Over the years, we’ve seen a lot of potentially valuable innovations flop because the companies sponsoring them were using the fundamentally wrong logic in managing them. For instance, as Clayton Christensen recently described in the Harvard Business Review, they insist on valuing projects in terms of Net Present Value. A different approach, we’ve argued, is to think of ventures or innovations as real options. A real option is a toehold investment that buys you the right, but not the obligation, to make a subsequent investment when you know more. Consider how this way of thinking can help you avoid these common causes of innovation failure:

The one big bet syndrome.

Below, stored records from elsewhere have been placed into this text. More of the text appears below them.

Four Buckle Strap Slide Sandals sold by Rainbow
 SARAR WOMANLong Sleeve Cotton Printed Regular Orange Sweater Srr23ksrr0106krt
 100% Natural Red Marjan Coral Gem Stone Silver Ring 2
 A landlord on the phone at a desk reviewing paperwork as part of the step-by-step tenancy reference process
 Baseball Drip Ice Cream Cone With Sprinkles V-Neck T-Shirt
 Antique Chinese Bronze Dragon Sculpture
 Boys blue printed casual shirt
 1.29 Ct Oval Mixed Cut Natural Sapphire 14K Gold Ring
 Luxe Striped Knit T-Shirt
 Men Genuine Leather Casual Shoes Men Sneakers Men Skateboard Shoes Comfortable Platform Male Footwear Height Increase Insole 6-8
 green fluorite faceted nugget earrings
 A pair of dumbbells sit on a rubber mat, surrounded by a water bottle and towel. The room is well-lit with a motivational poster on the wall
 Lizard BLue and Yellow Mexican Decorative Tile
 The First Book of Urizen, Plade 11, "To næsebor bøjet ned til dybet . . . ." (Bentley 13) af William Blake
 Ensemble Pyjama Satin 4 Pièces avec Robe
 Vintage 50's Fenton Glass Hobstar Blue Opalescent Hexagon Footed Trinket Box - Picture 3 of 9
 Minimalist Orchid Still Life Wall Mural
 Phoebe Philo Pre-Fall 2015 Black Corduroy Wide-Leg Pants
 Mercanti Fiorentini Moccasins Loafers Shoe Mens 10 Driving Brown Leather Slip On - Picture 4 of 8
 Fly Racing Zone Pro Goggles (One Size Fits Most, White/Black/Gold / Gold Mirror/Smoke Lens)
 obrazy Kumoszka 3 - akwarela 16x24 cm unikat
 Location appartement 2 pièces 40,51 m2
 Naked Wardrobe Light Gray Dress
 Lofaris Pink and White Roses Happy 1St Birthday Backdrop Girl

In highly uncertain environments, it’s nearly impossible to predict with any accuracy which innovations are likely to succeed and which are not. It makes sense, therefore, to test out a number of different approaches on a small scale, proceeding forward only when you’ve validated enough assumptions to move ahead with confidence. The logic of real options supports this approach: essentially encouraging companies to take out a couple of different projects aimed at a promising market or technology, without huge risks. “Big bet” ventures in our experience seldom work out. Remember such supposed first-moving winners as WebVan and Pets.com? Their particular bets were wrong, yet the viability of Internet-enabled business models has now been demonstrated. Keeping some resources for multiple tries might have allowed those projects to succeed later on.

Escalation of commitment
. A second dilemma is that projects can come to take on a life of their own, creeping forward even after a great deal of evidence has accumulated that suggests that the original concept isn’t going to work out. The failed “Iridium” satellite phone venture is a case in point – over its 10+ years in development, changes in mobile telephony made many of its most salient features irrelevant. Motorola and partners nevertheless launched the venture, only to see it wind up in bankruptcy within months. Taking an options approach forces managers to constantly ask, “does it make sense to proceed to the next step?” and stop or redirect the venture if it doesn’t.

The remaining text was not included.